The readiness to wear more formal clothes when those surrounding you are slobs serves as a good test for this in my opinion. And the working-class guys I know would do if they had a chance and I recommended it to them.

BTW I am on the track to a 1,0 Abitur (for non-Germans: this is the best possible grade), so yes, wearing formal clothes is one of my ways to demonstrate not only business but also academic ambitions. After all, my parents say that I ought to treat school like work, or like a business.

I somehow believe that of the people who will keep calling me a snob, many will consider not only dressing well but also having good grades and ambitions snobbish in obfuscation of their own laziness and failure. And people who think negatively of those with above-average and extraordinary goals should not be taken seriously in my honest opinion.

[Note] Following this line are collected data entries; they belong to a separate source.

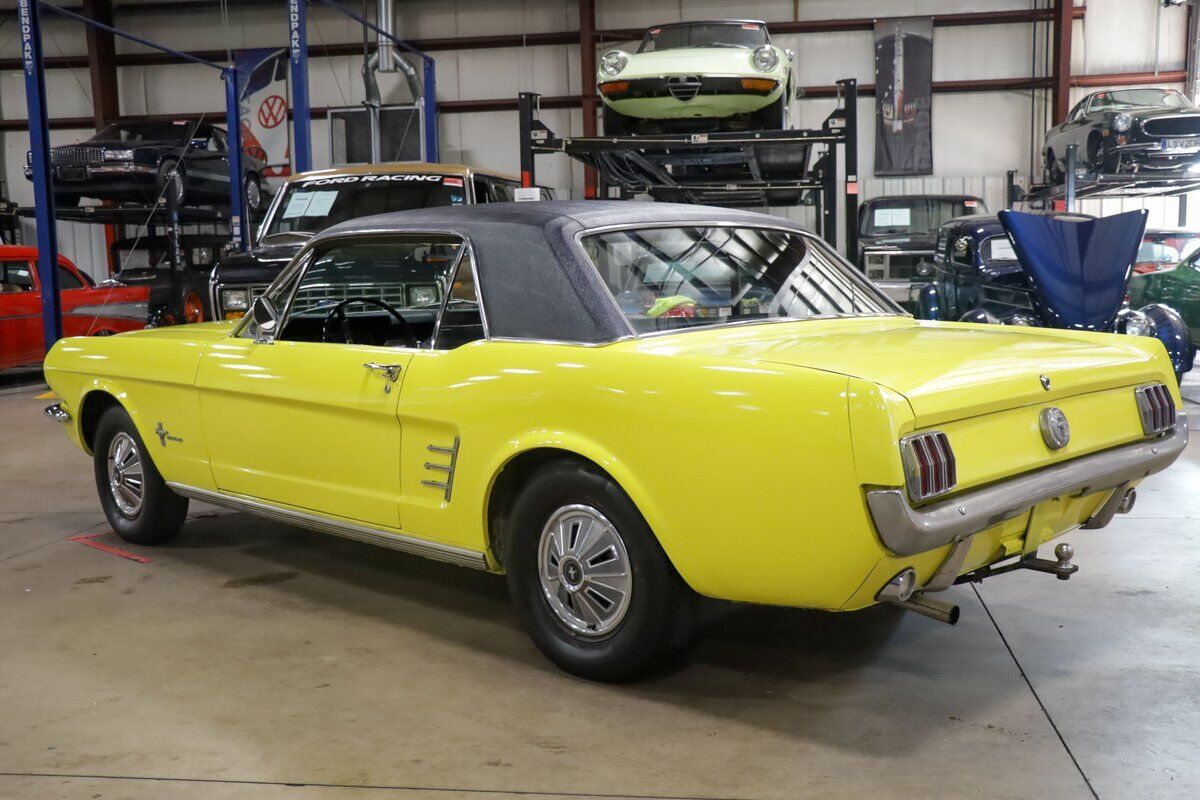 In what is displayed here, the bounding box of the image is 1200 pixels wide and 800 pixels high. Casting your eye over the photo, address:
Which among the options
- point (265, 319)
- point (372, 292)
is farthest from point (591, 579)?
point (372, 292)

@Charles Dana - I edited it because I understood that it might be misunderstood and offensive and I hereby request to apologize to you and to everybody for this wrong impression. See above for explanation.

Charles Dana

Honors Member
HNBTrader: All right, it appears as though we’ve had a bit of a culture clash here. Thank you for the clarification. You didn’t really need to give me an apology, but since you graciously extended one, I accept it.

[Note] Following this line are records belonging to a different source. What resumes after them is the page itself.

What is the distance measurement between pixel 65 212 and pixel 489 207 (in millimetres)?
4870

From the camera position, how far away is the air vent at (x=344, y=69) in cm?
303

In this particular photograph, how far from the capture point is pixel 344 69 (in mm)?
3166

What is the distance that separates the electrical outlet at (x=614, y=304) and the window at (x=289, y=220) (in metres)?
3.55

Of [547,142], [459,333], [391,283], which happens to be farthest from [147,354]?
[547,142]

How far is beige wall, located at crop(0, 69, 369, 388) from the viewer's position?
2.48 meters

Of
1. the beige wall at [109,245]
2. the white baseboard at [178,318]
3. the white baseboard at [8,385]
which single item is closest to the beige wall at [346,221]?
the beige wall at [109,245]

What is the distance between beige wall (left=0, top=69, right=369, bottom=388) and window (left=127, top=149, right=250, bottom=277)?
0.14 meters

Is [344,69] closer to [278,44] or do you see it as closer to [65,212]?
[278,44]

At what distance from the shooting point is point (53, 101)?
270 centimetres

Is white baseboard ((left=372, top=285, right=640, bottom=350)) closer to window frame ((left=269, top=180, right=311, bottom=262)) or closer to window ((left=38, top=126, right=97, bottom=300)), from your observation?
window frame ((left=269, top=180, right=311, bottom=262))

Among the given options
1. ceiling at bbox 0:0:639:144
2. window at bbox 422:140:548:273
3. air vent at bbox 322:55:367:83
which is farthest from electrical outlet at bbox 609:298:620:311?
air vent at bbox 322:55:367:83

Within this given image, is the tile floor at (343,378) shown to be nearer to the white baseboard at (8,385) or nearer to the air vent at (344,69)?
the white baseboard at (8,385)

Good luck to you in your university career!


Active Member with Corp. Privileges
Well, I think you should wear suits because I think everyone should wear suits. I always wear suits because I don't have anything to wear but suits. I always say wherever you are, someone will be the best dressed and it might as well be you. To do that, you'll probably need a suit. I say that now as an old guy, but fifty years ago when I was your age I could still say that as I always wore suits because I didn't have anything to wear but suits then either...


New Member
From the standpoint of practicality, it actually doesn't matter too much what type of formal appearance you put on in school. (The only place it might ever matter a little bit is if you're attending a personal interview to get into a school)

I think you only need to dress somewhere in between casual and formal. This is school, not an actual business office workplace.

If you're going to a school with a lot of students from wealthy families, there is such a thing as expensive casual. There's a style of casual that is actually expensive.
If you try to dress too formal in a situation that does not call for it, it obviously looks to others that you are trying too hard. (It is a sign of being fake)
I don't know, this might be of some small importance if you are trying to develop future connections with other students in school. (which can possibly help with job opportunities later)

In a school, you are mostly going to be dressing to put on an appearance for others your age. The teachers will not be much influenced by how you dress, I mean if you are trying to dress very nice. Although dressing extremely informally could possibly hurt, if you appear so unprofessional and immature that the teacher cannot take you seriously. Yet at the same time, you do not need too dress too mature (I mean older age group) either.
What I am saying is you do not need to dress too nice, that won't help, but don't dress too bad either.

Mr. B. Scott Robinson

Advanced Member
Do German Universities offer subsidies for dry cleaning? Keeping a dressy wardrobe in good nick on a student budget can be a chore.

My son attended both Humbolt and Free Uni in Berlin for a year. He must have pocketed that subsidy for beer. :)



The Irishman

Active Member with Corp. Privileges
I suspect students who are wearing suits and more tailoring to university - unless they truly are a different breed to the rest of their ilk - are laundering their shirts, underwear and socks and dry cleaning is a ... semi-rare ... occurrence.

I would have been loathe to spend on dry cleaning what could have bought me a couple of refreshing beverages. Besides, napkins, and skilful attempts at spot cleaning are free.